Young Cat Balou gifted me with a DVD of the television mini series Feud : Bette and Joan, as in Davis and Crawford, and based on the making of the movie “Whatever Happened To Baby Jane”. Starring Susan Sarandon and Jessica Lange respectively I adored this muck in all its depressing detail about the treatment of women particularly by the Hollywood machine during the so-called Golden Years. My viewing partner found the bitchiness between these two “stars” too brutal to watch and scampered after Part 4 which was okay as it meant sharing the Toblerone (and plonk) was no longer required for the final 4 parts. Besides, if I’m invested allow me to view in peace. Does that work for you too?

My favourite viewing was an obscure little Australian flick (1998) which I am adding to my list of favourite Xmas movies, right up there with Die Hard, and Joyeux Noel.
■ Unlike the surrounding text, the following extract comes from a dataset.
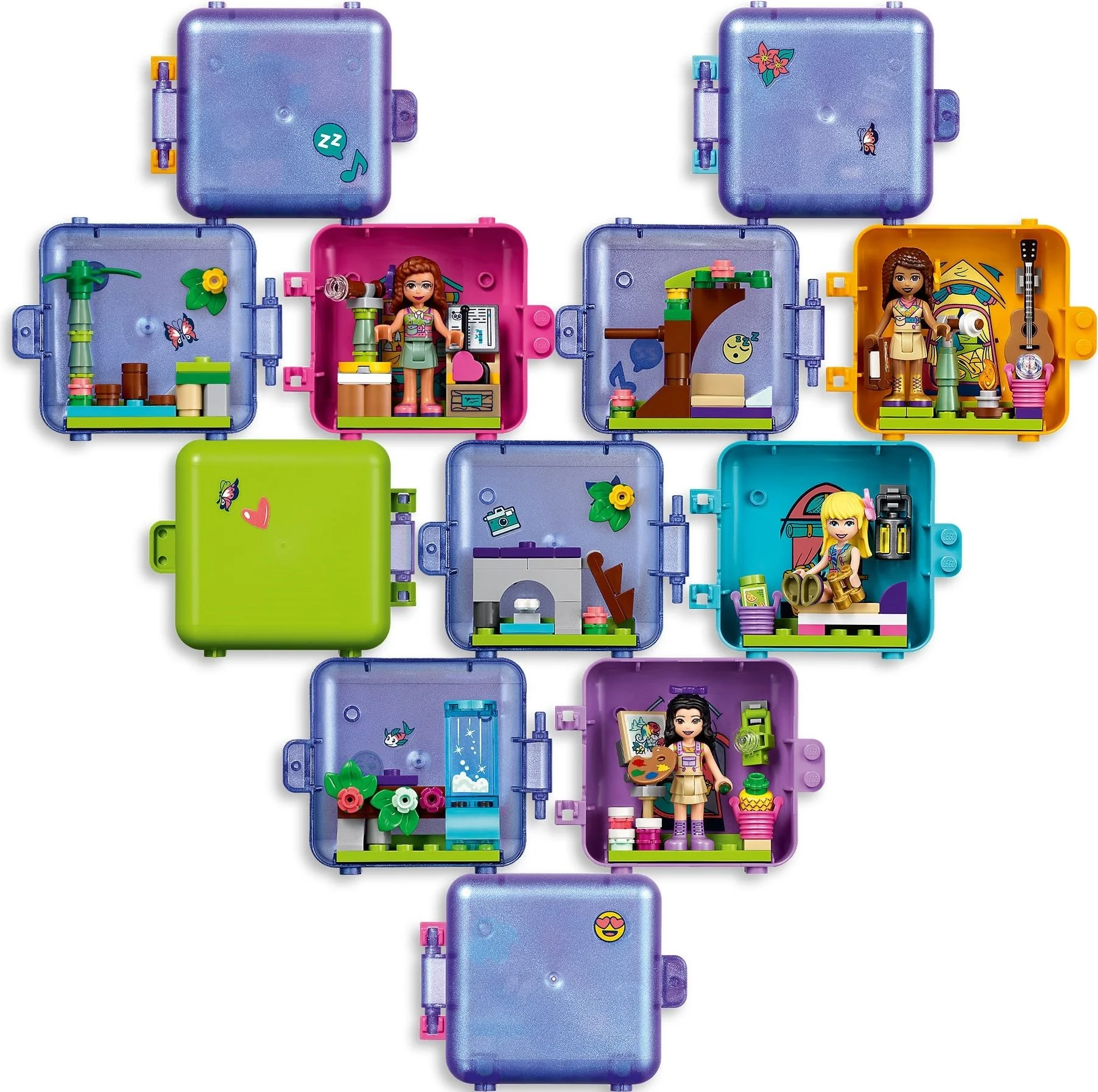 LEGO® 41437 Dżunglowa kostka do zabawy Mii - zdjęcie 4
It made such a little ripple upon its release that I’m giving you all 12 months to locate a copy for December 2022.

Crackers is a Christmas movie that will resonate with many as it includes much of our Aussie culture including dog poop, a pub brawl, weed in the mince pies, and grandpa, an old Rat Of Tobruk, who hits the turps and is an ex con. The aesthetics are straight from Christmas’s past: the wooden spoon and fork hanging on the wall, the painted tyres turned into swan planters on the front lawn, the aboveground swimming pool. It’s every bit as chaotic as Christmas always tends to be, yet amongst all the dysfunction it’s about a family who cares about each other.

The only actor I recognised was a younger, trimmer Peter Rowsthorn, 15 years before he played Kim’s doormat husband in Kath And Kim.

Before we move away from the movie theme did you know that LEGO are considering a kit for the house from It’s A Wonderful Life? I want three.

Ah, the serenity.

It’s Beginning To Look Like Christmas…

So, to borrow a phrase, it’s beginning to look a lot like Christmas….The days are long and hot, cicadas chirp throughout the evening, and the kookaburras and magpies start their birdsong from 3.30am onwards. Oh, and the grass needs cutting on a weekly basis. It’s exhausting I tell you.

Ronan Keating’s version…..

Refusing to go anywhere near a shopping centre and the humidity is preventing any reading of real worth. This means resorting to DVD’s because I just cannot view anymore tragedy on the telly. Thank goodness for the local Op Shop which also serves coffee and Hummingbird Cake for $8.

This week I found a copy of all time favourite, Valiant, a delightful computer generated epic set during World War 2, and covering the exploits of carrier pigeons. With its references to the White Cliffs of Dover, Andrews Sisters, the Dambuster theme song, and a cute white mouse working with the Resistance called Charles De Girl it goes way over children’s heads.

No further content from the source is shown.